Ils la vivent, à mon sens, de la même manière. On dit souvent que les enfants sont des éponges. Le stress ambiant, les angoisses, les craintes que les adultes peuvent raisonnablement avoir par rapport à l’avenir percolent dans les générations plus jeunes. Dans un premier temps, je pense qu’il est important de les informer correctement. Et je regrette qu’on ne l’ait pas fait pendant la crise sanitaire. Le gouvernement s’est adressé pratiquement à tous les corps de métiers de la population en commençant par les soignants – et c’est bien légitime. On a parlé aux coiffeurs, aux esthéticiennes, mais jamais on n’a eu une parole directe pour les jeunes. La ministre de l’Éducation Caroline Désir a un jour, dans un interview à RTL, voulu s’adresser directement dans le blanc des yeux aux enfants et aux jeunes. Elle a été très vite reprise dans l’oreillette par la présentatrice qui lui a dit : « On revient à quelque chose de plus conventionnel ! » Je regrette que l’on n’ait pas été plus direct et je voudrais que pour la suite, pour les nouvelles crises qu’on s’apprête à affronter, que l’on soit plus attentif aux jeunes.

À commencer par leur demander comment ils envisagent, pour eux et pour la société, d’amoindrir les effets de ces crises qui se succèdent. Je pense qu’on ne l’a pas assez fait et que ce n’est pas encore entré dans la réflexion des responsables politiques. Pendant la crise sanitaire, je leur ai adressé ce reproche et ils m’ont tous répondu : « Mais on fait tout ce qu’on peut pour les jeunes ! » La question n’était pas là. Bien entendu, l’intention était de garder les écoles ouvertes et de veiller à ce que les enfants aillent bien. Mais il aurait fallu le faire avec eux et en s’adressant à eux. On se retrouve avec beaucoup de gamins qui vont individuellement déposer leurs souffrances dans des cabinets de psys, et ce n’est pas normal ! Il faudrait quelque chose, un discours politique qui s’adresse directement à eux, qui les réconforte, qui les rassure un minimum, même si les difficultés sont énormes et qu’il ne faut pas minimiser. Il faut accepter de dire les choses comme elles sont, mais franchement, avec des mots qu’ils peuvent comprendre, avec leur langage et leurs codes culturels.

Vous êtes éducateur de formation. Vous avez dirigé une association en milieu ouvert (AMO) pour les jeunes. Vous êtes aussi islamologue. Quel regard portez-vous sur ce que certains vont considérer comme des discriminations aux religions et qui touchent particulièrement les jeunes ?

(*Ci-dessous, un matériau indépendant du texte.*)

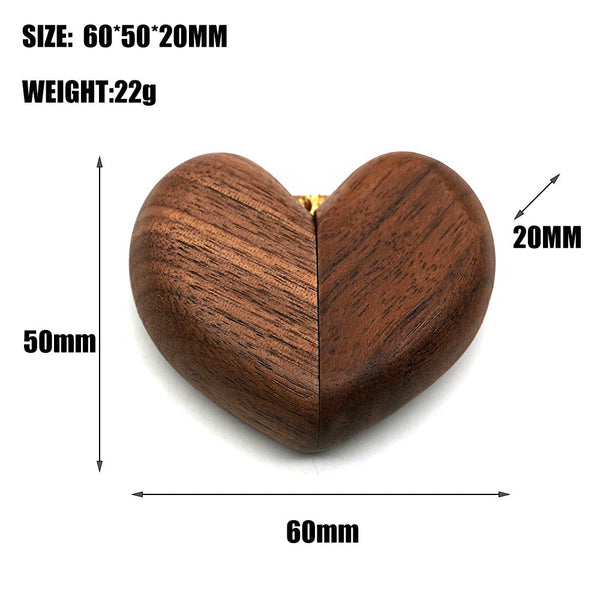 Veile Studios Black Walnut Wood Heart Shaped Ring Box Elegant Engagement & Wedding Holder Jewelry Collector's Jewellery Boxes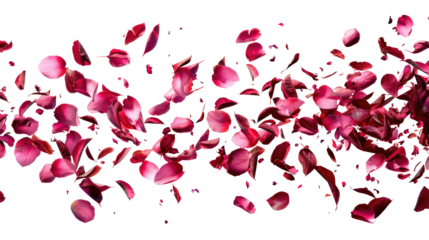 Falling red rose petals isolated on transparent background. Beauty roses petal, applicable for design of greeting cards on March 8 and St. Valentine's Day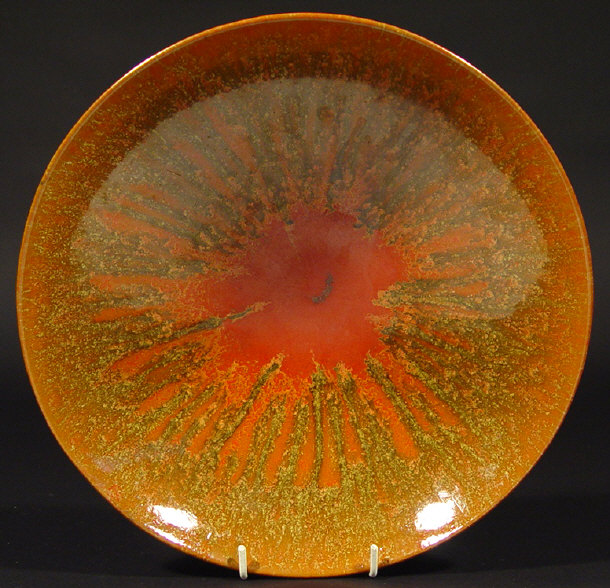 Appraisal: Royal Lancastrian shallow bowl decorated in a mottled orange glaze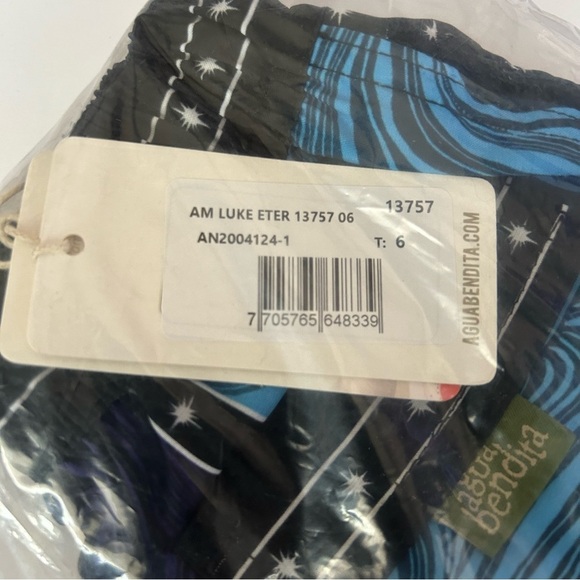 NWT Agua Bendita Luke Eter Celestial Swim Trunk Blue & Purple Kids Size 6 - Picture 5 of 7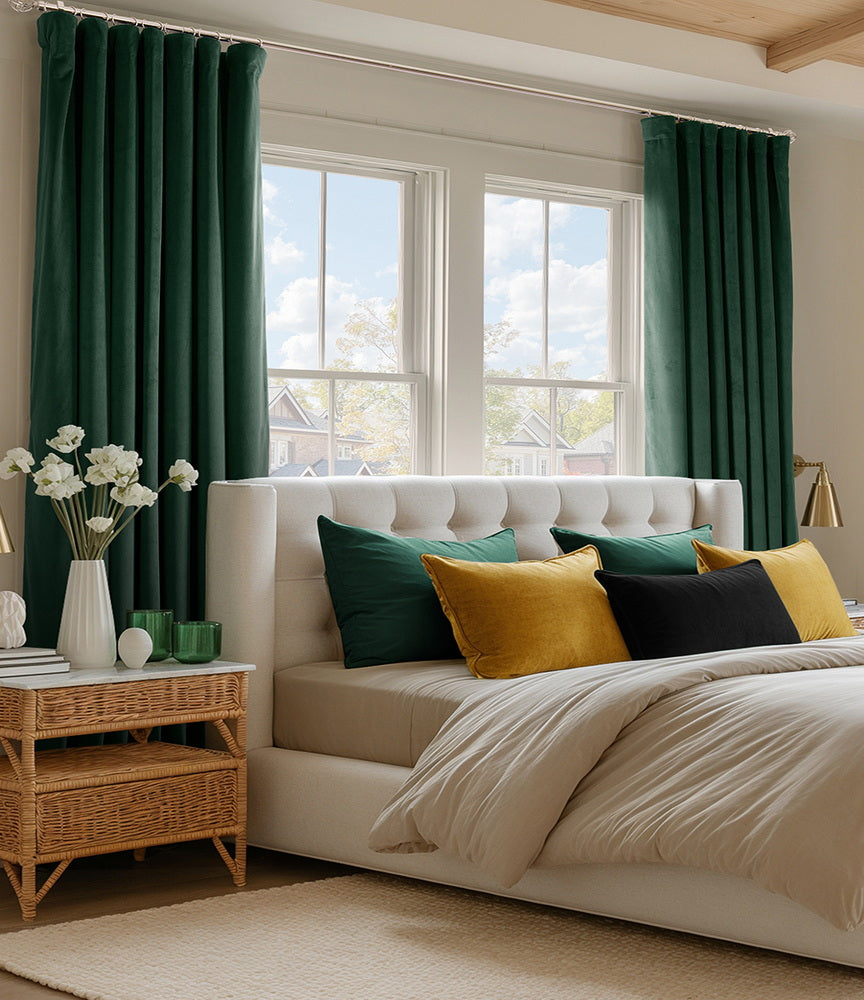 Blackforest Green Signature Velvet Custom Curtain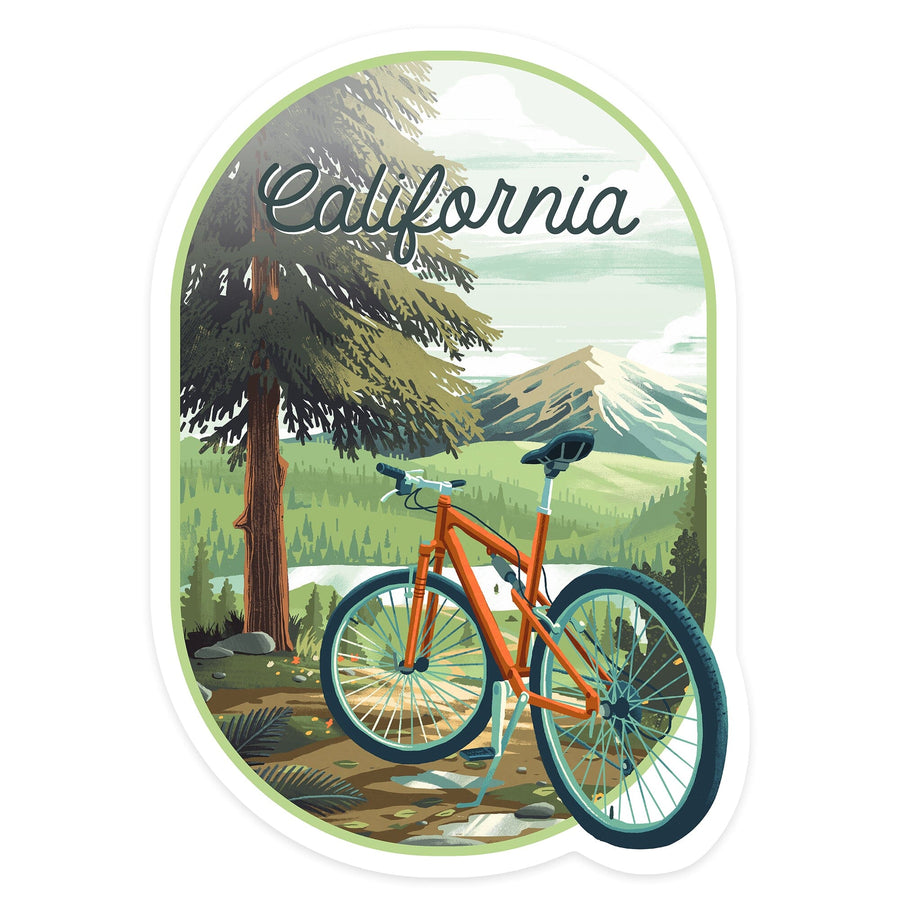 California, Off to Wander, Cycling in the Mountains, Contour, Vinyl Sticker Sticker Lantern Press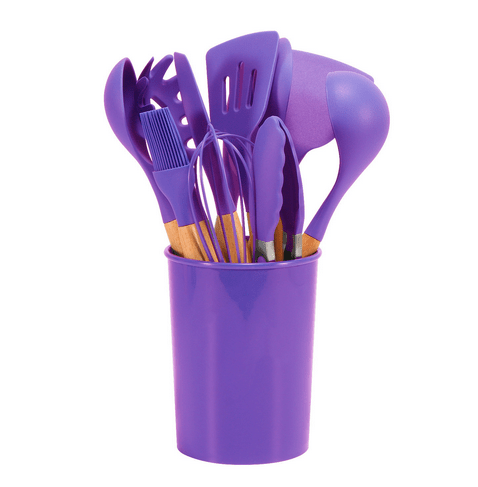 Juego de utensilios de cocina y cubiertos de silicona con mango de bambú resistente al calor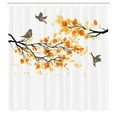 thumbnail image 4 of Fall Shower Curtain, Branch with Pale Fall Leaves and Birds Natural Change in Season Summertime Print, Fabric Bathroom Set with Hooks, 69W X 75L Inches Long, Yellow Cream, by Ambesonne, 4 of 4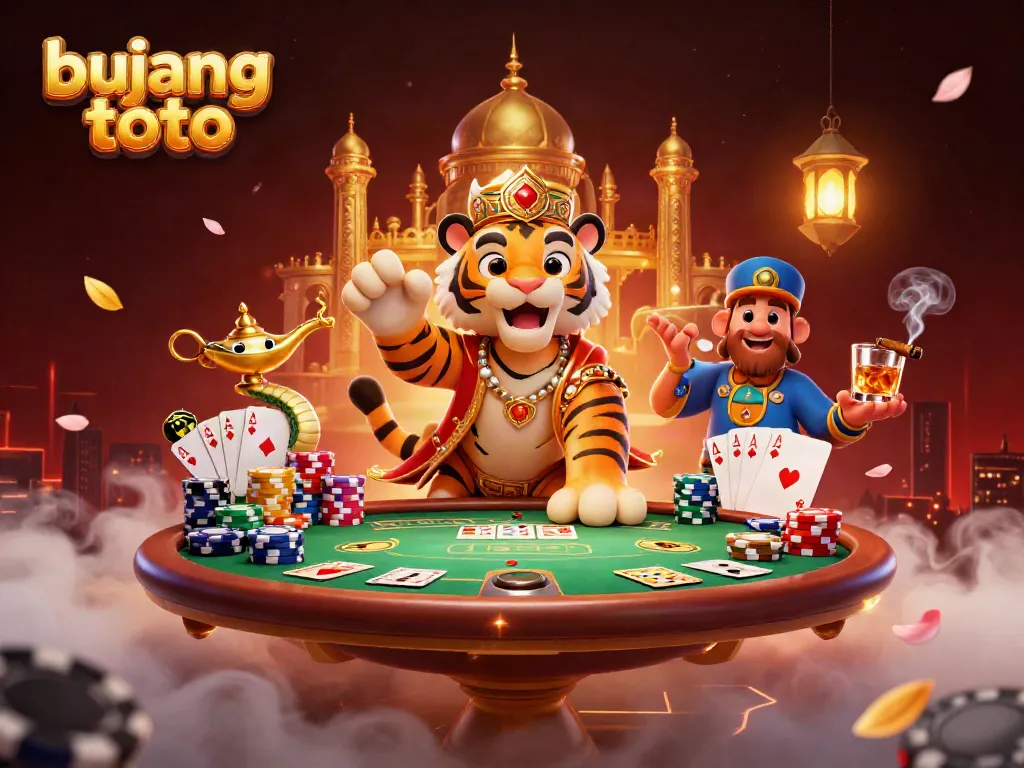 Engage with bujang toto and win big at this lively casino illustrated scene of vibrant characters and poker elements.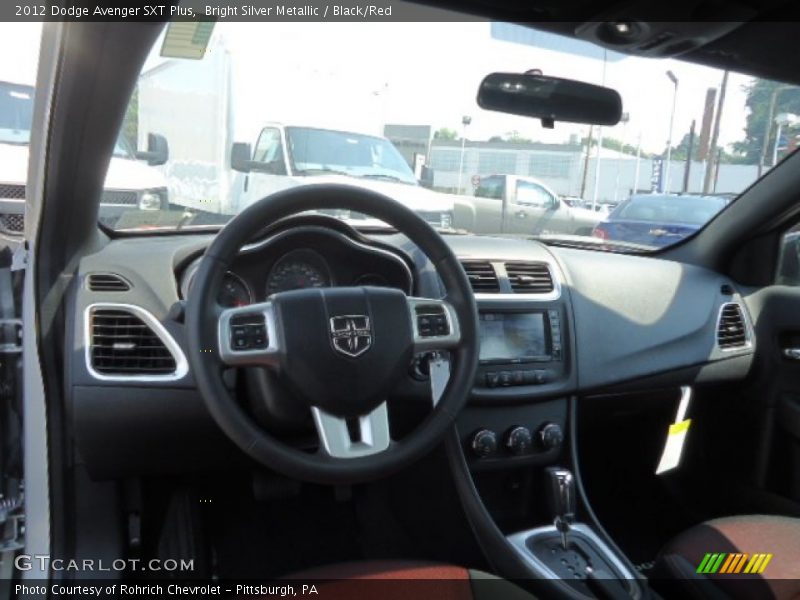 Bright Silver Metallic / Black/Red 2012 Dodge Avenger SXT Plus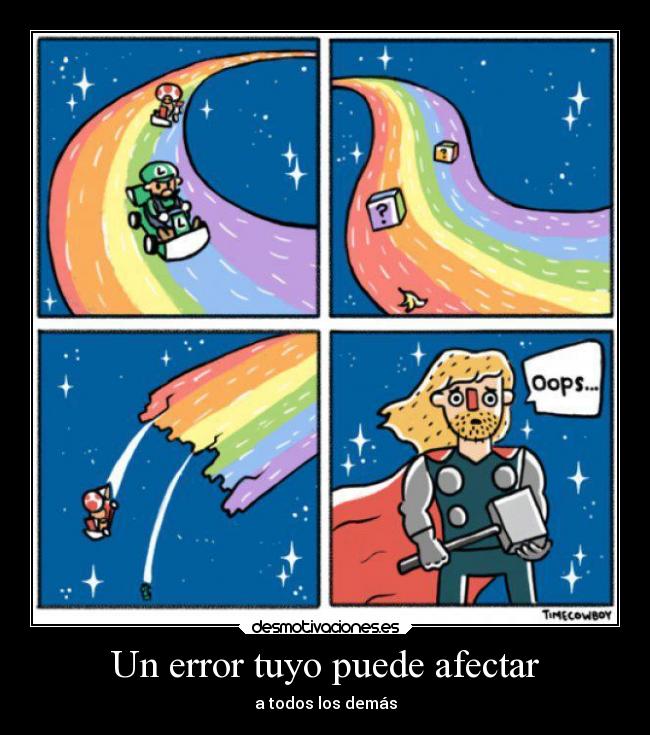 carteles videojuegos humor graciosas risa thor mario luigi error toad kart mariokart desmotivaciones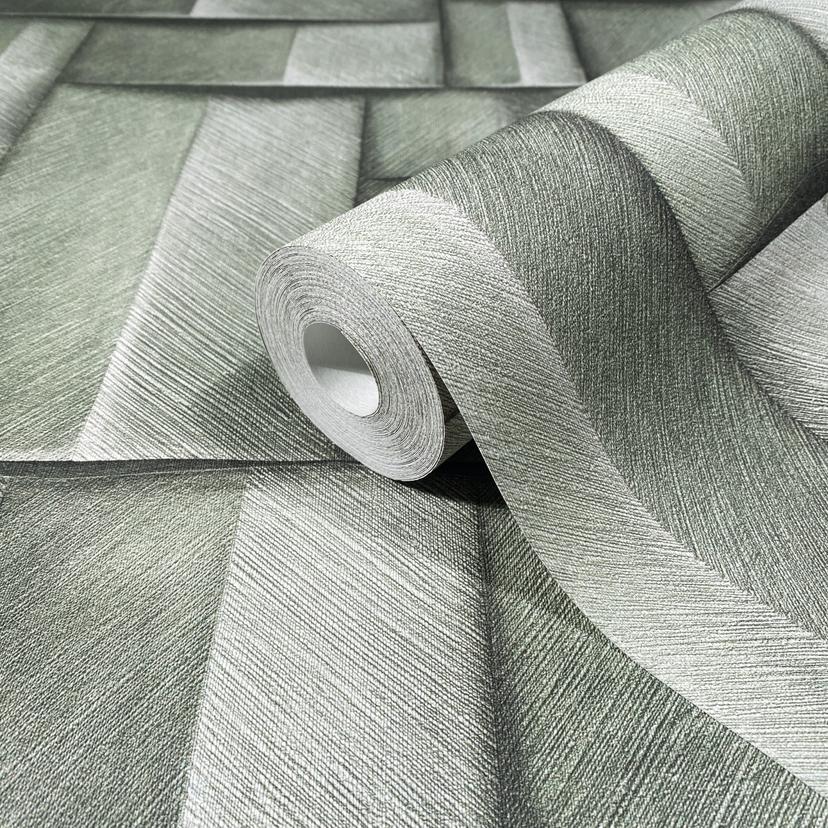 Vliestapete mit Holzmotiv geometrisch grün 3D-Optik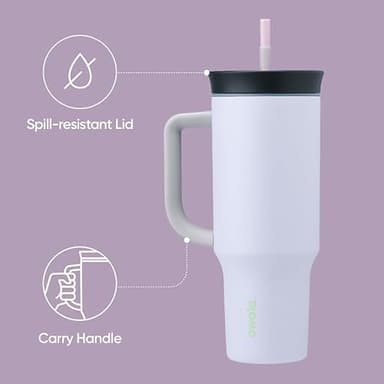 Owala Stainless Steel Triple Layer Insulated Travel Tumbler with Spill Resistant Lid, Straw, and Carry Handle, BPA Free, 40 oz, Purple (Bunny Hop) - Image 3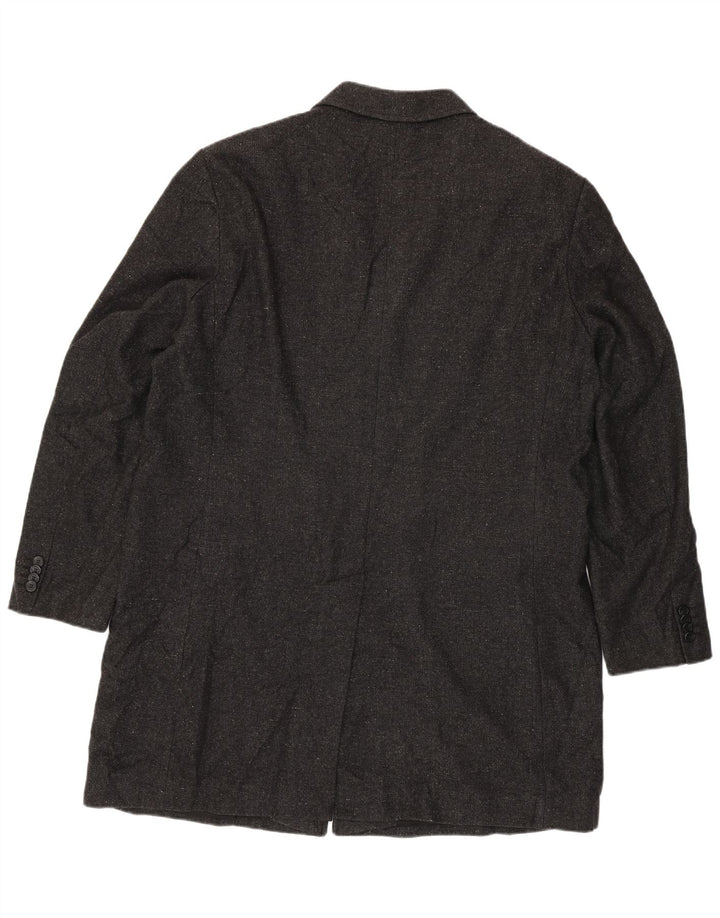 Giacca blazer aperta da uomo Marks & Spencer UK 44 2XL lana grigia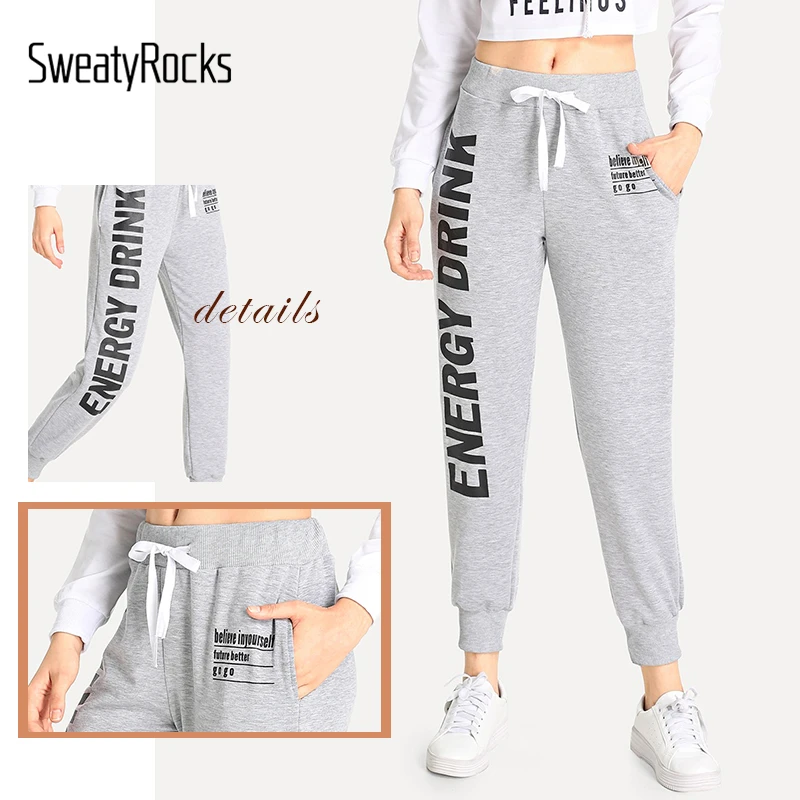 SweatyRocks, с буквенным принтом, на завязках, с карманами, брюки, уличная одежда, женские спортивные штаны, новинка, модные весенние повседневные брюки и штаны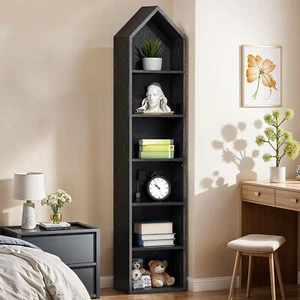 6 Tier Corner Bookshelf Bookcase Cube Storage Display Rack Home Living Room - Picture 1 of 8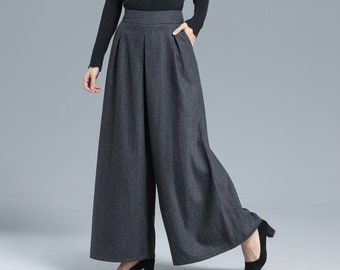 Winter Wool Pants Women, Wool Palazzo Pants, Wool Culotte Pants, Wool Wide Leg Pants, High Waist Wool Pants, Retro Thick Cropped Pants 3135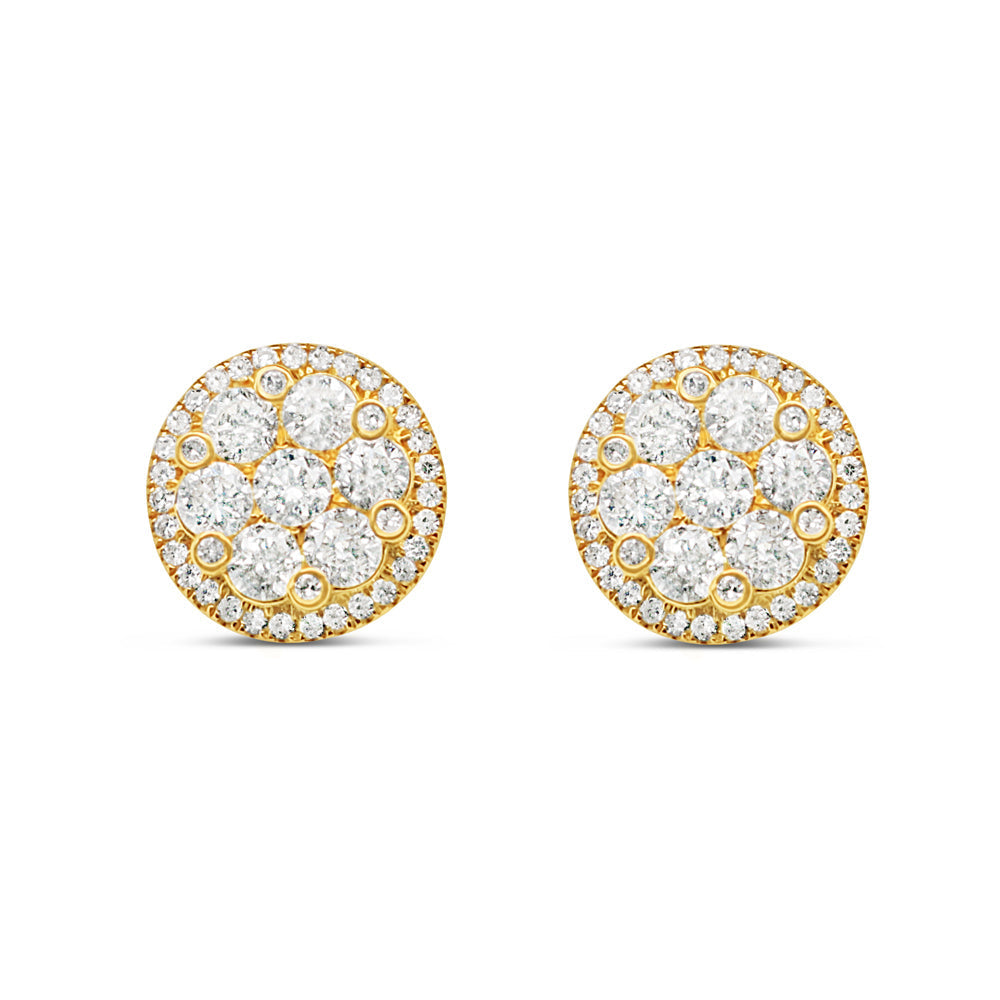 14k Gold Diamond 3-D Round Earrings 11mm 1.55CTW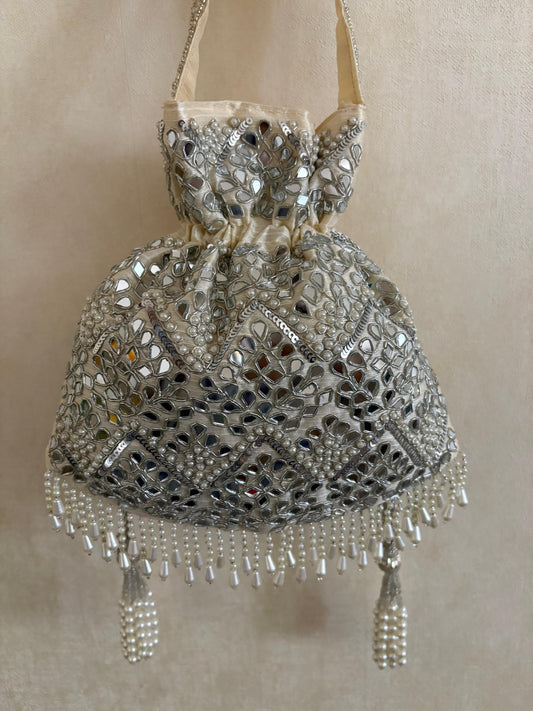 DP118 - Gota Work Potli with Mirror & Pearl Detailing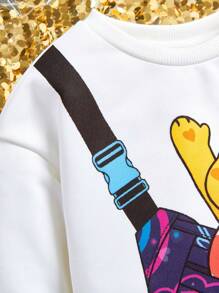 SHEIN X Care Bears 小男孩卡通圖案套頭衫和褲子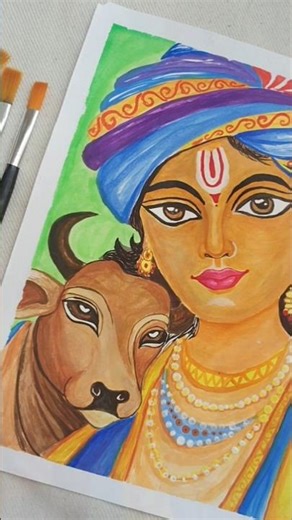 Krishna Drawing 🎨✨| Beautiful Art #shorts #art #indianart #easyart #artwork #painting #devotionalart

Mon regard est extrêmement dur sur le sujet. Je parle franchement de discriminations. Ce sont des logiques d’exclusion qui sont pour moi insupportables. Il y a en outre une grande corrélation entre religions, immigration et précarité. On ne doit pas faire l’économie d’envisager ces questions-là de manière groupée. On doit pouvoir dire clairement que les enfants issus de l’immigration à Bruxelles notamment, dans les grandes villes, ont des parcours extrêmement compliqués. Vient se greffer en plus le côté religieux, bien que je ne pense pas qu’il soit prépondérant. On a beaucoup parlé de départ de gamins pour le jihad, motivé par des questions religieuses. Bien sûr, c’est un facteur, mais je crois qu’il faut avoir le culot de dire que c’est aussi lié aux conditions de vie. Les conditions socio-économiques dans lesquelles ces gamins vivent depuis plusieurs générations sont proprement scandaleuses. Il ne faut pas hésiter à dénoncer l’appareil scolaire. Il est nécessaire de progresser sur ces questions-là, afin que ces enfants ne soient pas relégués dans des filières scolaires qui devraient être d’exception, mais qui sont devenues des filières de relégation. Le tronc commun est justement censé contribuer à diminuer le poids des inégalités, des iniquités sociales, tout autant que celles liées à la religion et au milieu socio-économique. Il faut mettre fin aux discriminations honteuses comme on les connaît dans l’enseignement qualifiant, professionnel et spécialisé aussi, car beaucoup de gamins se retrouvent là uniquement parce qu’ils sont issus de l’immigration.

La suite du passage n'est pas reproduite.